What are the possible complications of Abdominoplasty (Tummy Tucks)?

Here is the list of possible complications of Abdominoplasty (tummy tucks):

Hematoma (risk is 3-4%)

Infection (risk is less than 1 %)

Skin Lesions in which skin is wrinkled. Rare.

Reactions to medications. Rare.

Please note that serious complications after an abdominoplasty are not common. But there are risks with any surgery. Complications such as infection and blood clots are rare, but can occur. Infection can be treated with drainage and antibiotics. You can minimize the risk of blood clots by moving around as soon after the surgery as possible..

One of the more common problems after an abdominoplasty is collection of fluid under the skin after the drains have been removed. The drainage of these fluids will be done by needle by your doctor, and will not affect the final results.


Tummy Tuck scars are unavoidable. This  complication of Abdominoplasty (tummy tucks) ispermanent. There will be a long Tummy tuck scar extending from hip to hip. The incisions are usually placed below the swimsuit line so they will not normally be in view. It normally takes 9 months to a year before scars flatten out. They will also lighten in color.

Tummy Tuck scars:

A picture of a Tummy Tuck scar, a couple of months after surgery.

Nutritional Consequences of Tummy Tucks:

Protein Deficiency complication:

Abdominoplasty (tummy tucks) is a metabolic surgery designed to produce malnutrition. Energy deficit occurs due to low food intake, food intolerance, and nutrient malabsorption. Abdominoplasty (tummy tucks) aim to achieve malnutrition to lose weight but without complications. Protein deficiency can occur after Abdominoplasty (tummy tucks).the ratio of fat mass to fat-free mass loss is about 4:1 unrestrictive operations like RYGB.12 It is probably even more severe after biliopancreatic diversion (BPD). the literature isn’t clear. some report severe protein-calorie malnutrition13although low incidences have been described by others. Protein deficiencies manifest themselves initially with fatigue and loss of muscle strength, especially with greater than expected weight loss as in patients who have strictures of the gastrojejunal anastomosis. Progression of protein deficiency is predictable with continuing weight loss with the additional development of hair loss, poor wound healing, wasting, emaciation, kwashiorkor, and marasmus. Protein deficiencies should be addressed promptly with supplementation. although normal protein requirement for the average individual is 1 g/kg body wt/day, this formula does not work for the morbidly obese with weights of 200 kg more.

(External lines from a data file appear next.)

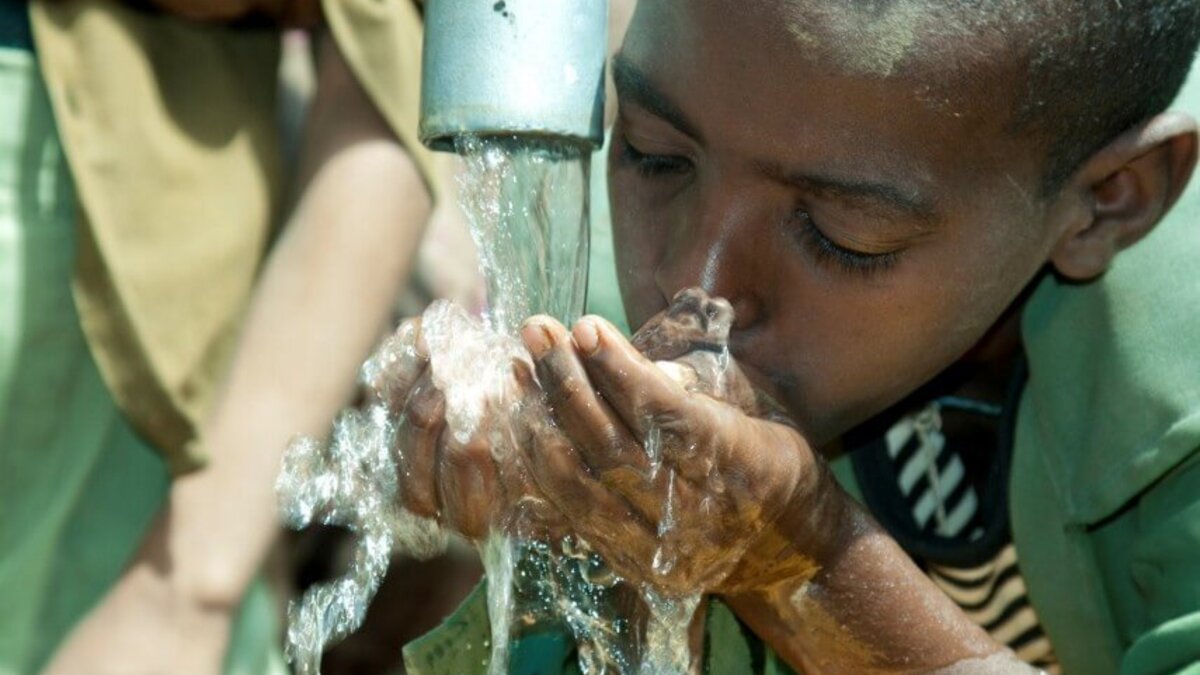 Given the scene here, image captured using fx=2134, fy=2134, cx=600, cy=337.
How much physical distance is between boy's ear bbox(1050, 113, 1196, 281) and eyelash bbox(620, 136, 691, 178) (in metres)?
0.35


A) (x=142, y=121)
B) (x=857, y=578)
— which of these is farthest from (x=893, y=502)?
(x=142, y=121)

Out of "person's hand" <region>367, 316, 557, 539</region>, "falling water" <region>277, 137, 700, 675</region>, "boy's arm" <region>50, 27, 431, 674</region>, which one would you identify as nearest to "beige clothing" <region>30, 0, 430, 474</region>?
"boy's arm" <region>50, 27, 431, 674</region>

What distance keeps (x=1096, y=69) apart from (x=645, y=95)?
1.17 feet

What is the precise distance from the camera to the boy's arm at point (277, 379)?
2191mm

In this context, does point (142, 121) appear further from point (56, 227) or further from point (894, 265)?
point (894, 265)

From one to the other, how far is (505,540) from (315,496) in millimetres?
176

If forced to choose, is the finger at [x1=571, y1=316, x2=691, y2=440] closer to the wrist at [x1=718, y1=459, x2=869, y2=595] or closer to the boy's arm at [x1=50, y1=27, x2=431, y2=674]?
the wrist at [x1=718, y1=459, x2=869, y2=595]

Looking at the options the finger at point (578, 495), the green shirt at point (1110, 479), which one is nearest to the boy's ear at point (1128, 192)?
the green shirt at point (1110, 479)

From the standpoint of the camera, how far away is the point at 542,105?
1.59 meters

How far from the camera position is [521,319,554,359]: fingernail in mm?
1351

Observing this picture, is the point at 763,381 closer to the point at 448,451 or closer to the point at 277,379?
the point at 448,451

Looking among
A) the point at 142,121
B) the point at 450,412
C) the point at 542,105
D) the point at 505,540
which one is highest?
the point at 542,105

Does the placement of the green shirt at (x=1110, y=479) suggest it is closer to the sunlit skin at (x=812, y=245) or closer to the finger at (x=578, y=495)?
the sunlit skin at (x=812, y=245)

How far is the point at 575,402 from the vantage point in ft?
4.41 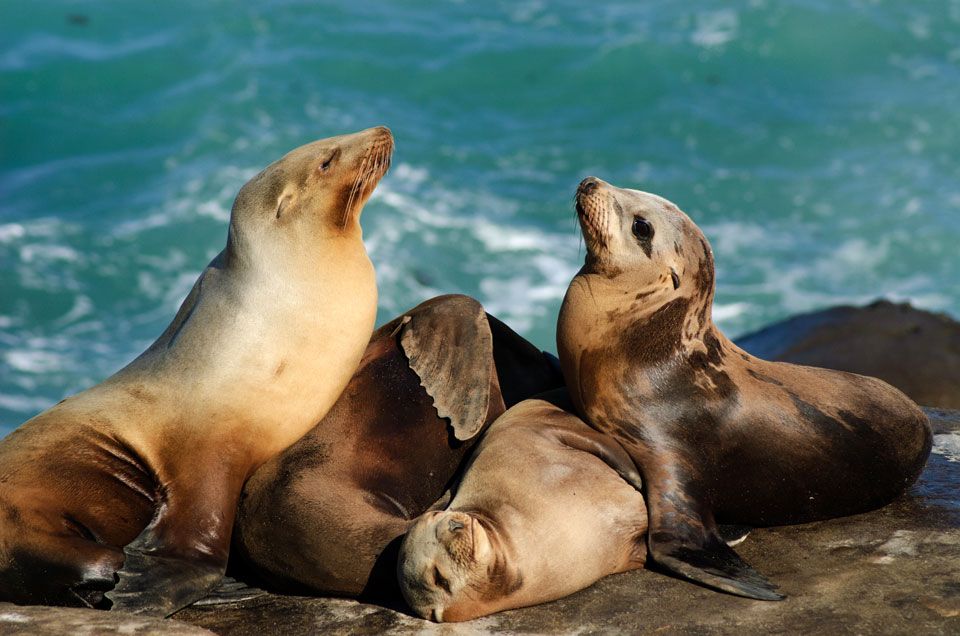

Carbohydrate Deficiency Complications:

Carbohydrate deficiency, manifested as episodic hypoglycemia, is probably quite common. many patients admit to having episodes of feeling shaky and light-headed during the day, usually about 2 hours or so after meals.

-For more Tummy tuck before and after pictures and pictures of Tummy Tuck scars, see the Tummy Tuck Pictures page.